By 2030, CIOs expect every IT workflow to be touched by artificial intelligence — with 75 percent of tasks handled by humans augmented with AI and the remaining 25 percent completed autonomously by AI systems. Yet, according to Gartner, most organisations are nowhere near ready for this shift.
Speaking at the Gartner IT Symposium/Xpo 2025, analysts outlined a blunt message for enterprises: technology is moving fast, but people are not. Unless businesses invest equally in AI readiness and human readiness, they will fail to realise value from their AI programmes.
AI Will Reshape IT — but Humans Are the Bottleneck
Gartner analysts argue that while AI capabilities have accelerated dramatically, workforce capability has not kept pace. Many companies have invested heavily in models, infrastructure, and pilot projects, but lack the talent maturity to use AI effectively.
“AI readiness ensures the technology can find value,” said Gartner’s Galliopi Demetriou. “Human readiness determines whether your workforce can actually capture that value.”
Key human barriers highlighted:
Overreliance on AI leading to skill atrophy
Lack of foundational understanding of AI
Limited preparedness for AI–human collaboration workflows
Insufficient training on interpretability, oversight, and governance
Gartner warns that organisations must redesign roles, rethink hiring strategies, and reposition talent to prepare for AI becoming embedded across every IT workflow.
AI’s Job Impact: Workforce Transformation, Not Workforce Reduction
Despite concerns about job losses, Gartner maintains that AI’s impact on employment will remain balanced through 2026 — and become net-positive after 2027.
Gartner advises CIOs to shift strategies from hiring for skills to building skills internally:
Reduce hiring for low-complexity, easily automated roles
Reposition existing talent into new revenue-generating areas
Focus on skills that AI amplifies, not replaces
Introduce periodic skill testing to avoid overreliance on AI tools
According to analysts, AI will diminish the importance of tasks like summarisation and translation, while elevating skills related to reasoning, leadership, communication, and problem-solving.
Organisations Are Breaking Even or Losing Money on AI
A major challenge revealed by Gartner’s 2025 data:
74% of CIOs say their AI investments are breaking even or losing money.
The reason? Hidden and underestimated costs.

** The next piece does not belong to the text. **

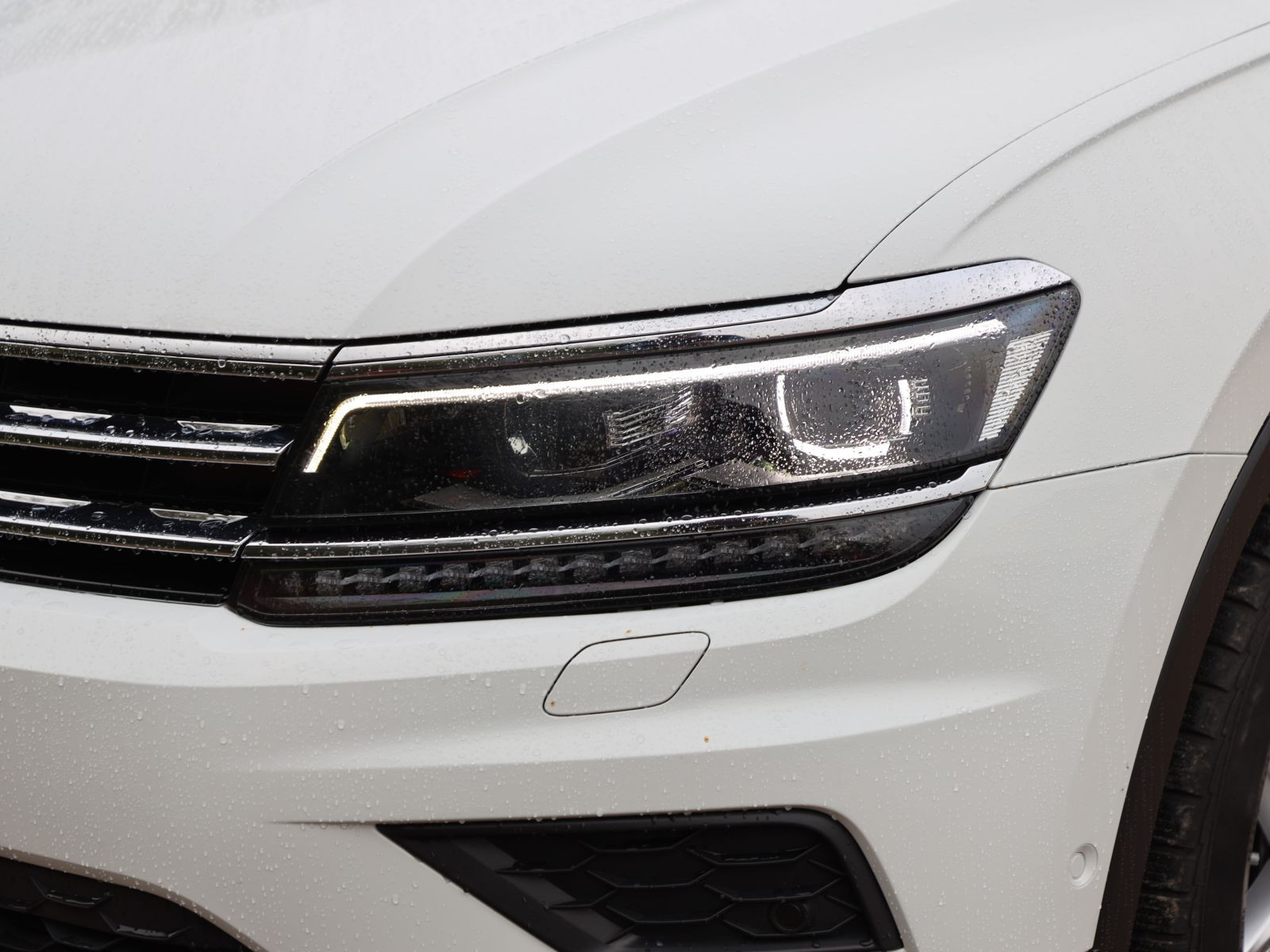 Volkswagen Tiguan Highline 2.0TSI DSG Navi LED ACC EPH DAB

For every AI tool purchased, Gartner estimates up to 10 additional cost categories, including:
Data quality and integration
Governance and compliance
AI accuracy systems
New security and risk frameworks
Change management and training
Vendor-specific lock-in expenses
Organisations must treat AI like a multi-layer investment, not a single-tool deployment.
Technical Readiness: Not All AI Capabilities Are Enterprise-Ready
Gartner categorises current AI capabilities into two buckets:
AI That Is Ready Today
Search and information retrieval
Summarisation
Basic content generation
AI That Is Not Fully Ready
Autonomous AI agents
High-accuracy automated decision-making
Complex multi-agent systems
To avoid fragile outcomes, CIOs must evaluate AI capabilities through a readiness lens — and build internal processes for accuracy verification, oversight, and risk controls.
Vendor Strategy Is Becoming a Sovereignty Decision
The choice of AI vendor is no longer a simple procurement process — it is now a decision about data sovereignty, AI control, and long-term dependency.
Gartner outlines the strengths of each ecosystem:
Hyperscalers — best for large-scale transformation requiring reliability and global reach
Industry-specific startups — strongest for specialised agents and domain-focused use cases
Research-driven AI companies — ideal for cutting-edge innovation but not yet enterprise-scale
Every AI adoption decision, Gartner warns, is ultimately a sovereignty decision about who controls your data and how dependent you become on external systems.
The Path Forward: Humans + AI, Not Humans vs. AI
Gartner’s core message is simple:
AI value emerges only when human capability catches up.
Enterprises must simultaneously develop:
AI readiness — selecting the right use cases, understanding costs, and ensuring technical maturity.
Human readiness — upskilling, role redesign, transparent governance, and preparing talent for AI-augmented work.
When both move together, AI becomes transformational instead of experimental.